Beware! These calculations were from my rejected paper.

What it got right: The paper identified make and break regions of the strength-interval curve, predicted a dip in the anodal curve but not the cathodal curve, and produced reentry for strong stimuli near the make/break transition. It even reproduced the no-response phenomenon, in which a strong stimulus excites an action potential but an even stronger stimulus does not.

What it got wrong: Cathode-break excitation was missing. The mechanism for anode-break excitation was incorrect. The Hodgkin-Huxley model predicts that anode-break excitation arises from the ion channel kinetics (for the cognoscenti, hyperpolarization removes sodium channel inactivation). This type of anode-break excitation doesn’t happen in the heart but did occur in my simulations, leading me astray. This wrong anode-break mechanism led to wrong explanations for the dip in the anodal strength-interval curve and the no-response phenomenon. (For the correct mechanism, look here.)

Below I reproduce the final paragraph of the manuscript, with the parts that were wrong in red.

“What useful conclusions result from these simulations?” is a fair question, given the limitations of the model. I believe the primary contribution is a hypothetical mechanism for the dip in the anodal strength-interval curve. The dip may arise from a complex interaction of anode-break and anode-make stimulation: A nonpropagating active response at the virtual cathode raises the threshold for anode-break stimulation under the anode. The same interaction could explain the no-response phenomenon. A second contribution is a hypothesis for the mechanism generating periodic responses to strong anodal stimuli: Anode-make stimulation cannot propagate back toward the anode because of the strong hyperpolarization, and the subsequent excitation of the tissue under the anode occurs with sufficient delay that a reentrant loop arises. This hypothesis is related to, but not the same as, the one presented by Saypol and Roth for cathodally induced periodic responses. These mechanisms are suggested by my numerical simulation using a simplified model; whether they play a role in the behavior of real cardiac tissue is unknown. Hopefully, my results will encourage more accurate simulations and, even more importantly, additional experimental measurements of the spatial-temporal distribution of transmembrane potential around the stimulating electrode during premature stimulation of cardiac tissue.

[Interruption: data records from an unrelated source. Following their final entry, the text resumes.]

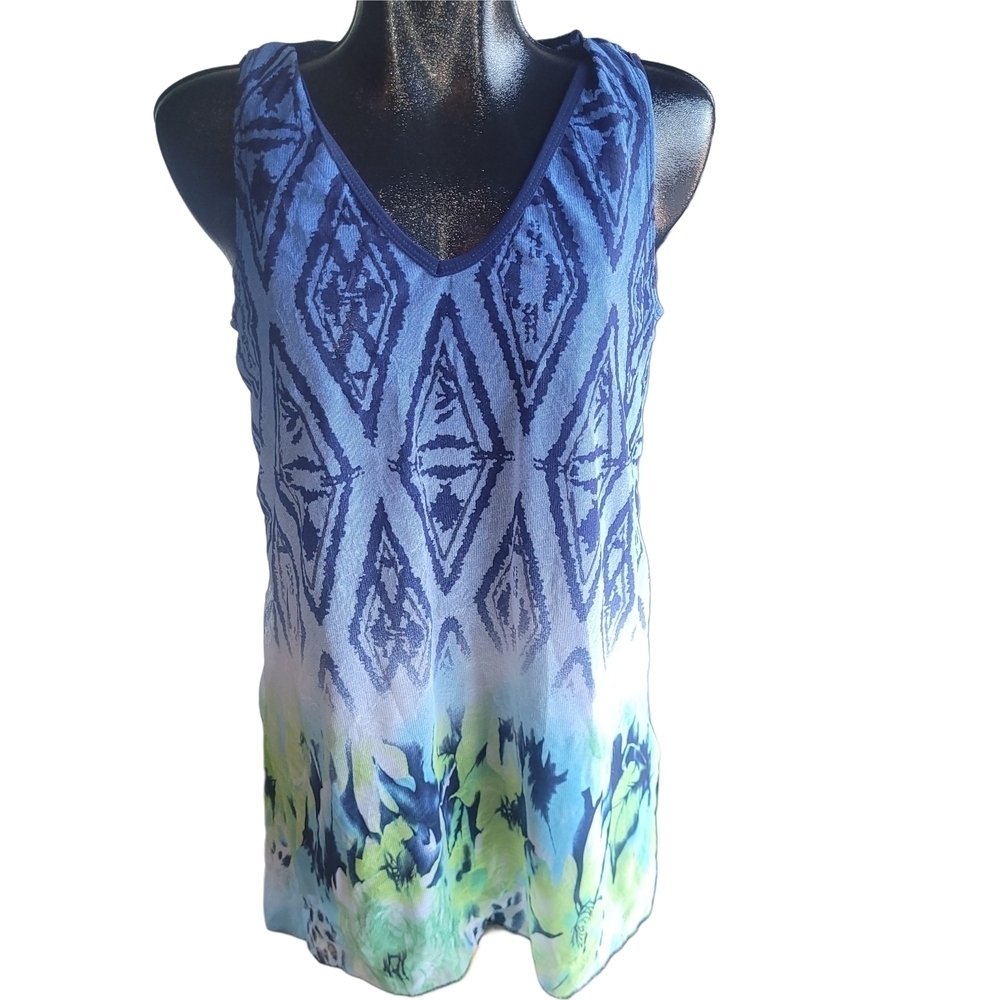 Picadilly Blue and Green Patterned Sleeveless Top Size M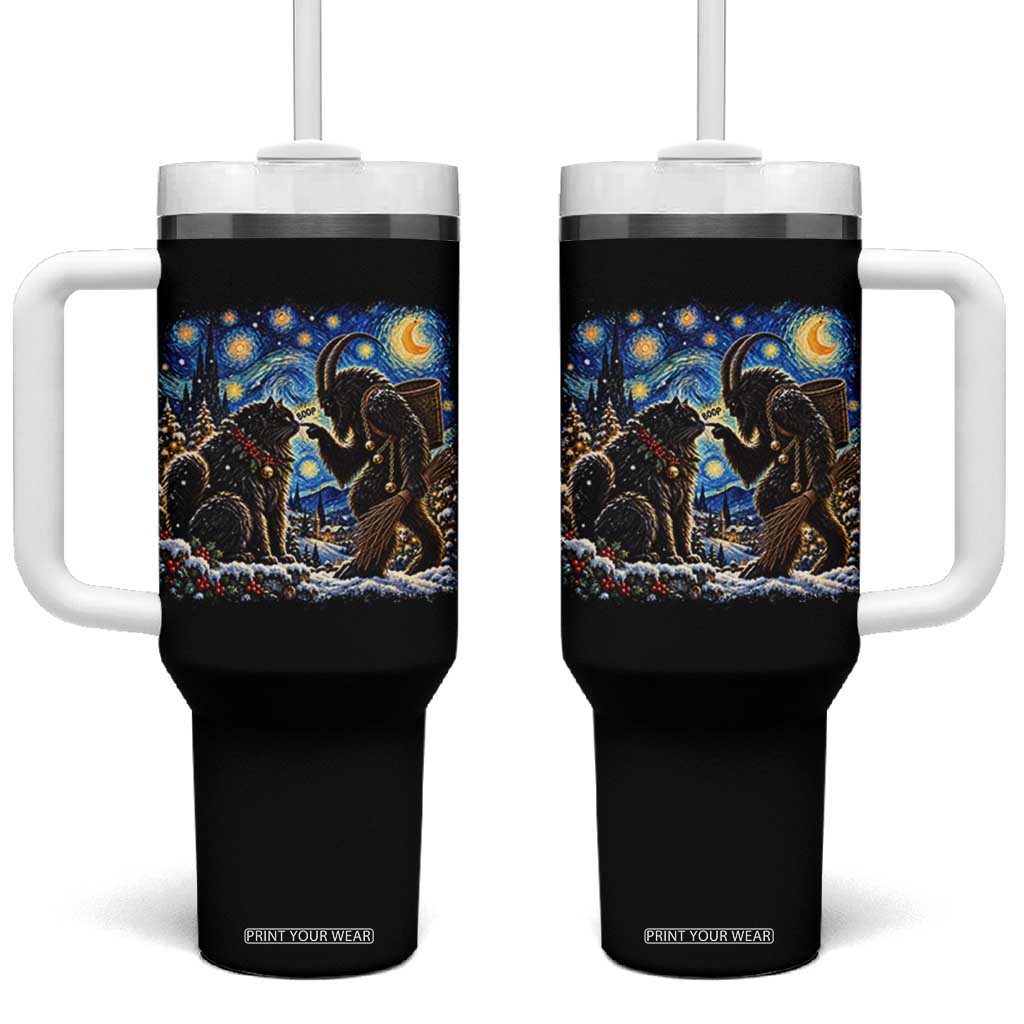 Krampus Boop Yule Cat Starry Night Tumbler With Handle Retro Funny Gothic Christmas Folklore Oil Painting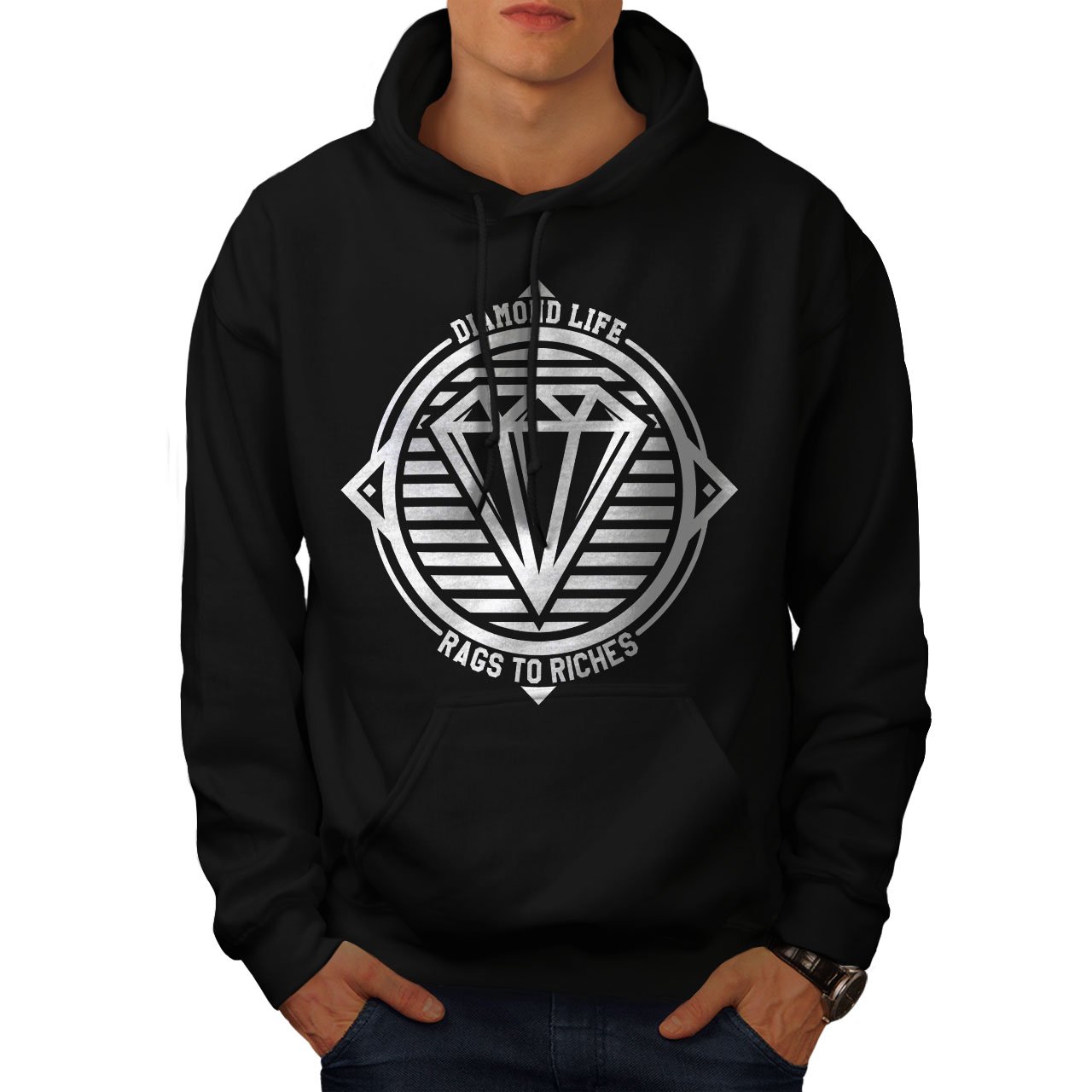 Wellcoda Diamond Life Club Men's Hoodie - Premium Rags Hooded Sweatshirt for Streetwear & Casual Style | Perfect for Urban Fashion, Gym Wear & Everyday Comfort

Even though this manuscript was flawed, it foreshadowed much of my research program for the mid 1990s; it was all there, in the rough. Moreover, in this case the reviewers were right and I was wrong. At the time, I was angry that anyone would reject my paper. Now, in retrospect, I realize they did me a favor; I benefited from their advice. For any young scientist who might be reading this post, don’t be too discouraged by critical reviews and rejection. Give yourself a day to whine and fuss, then fix the problems that need fixing and move on. That’s the way peer review works.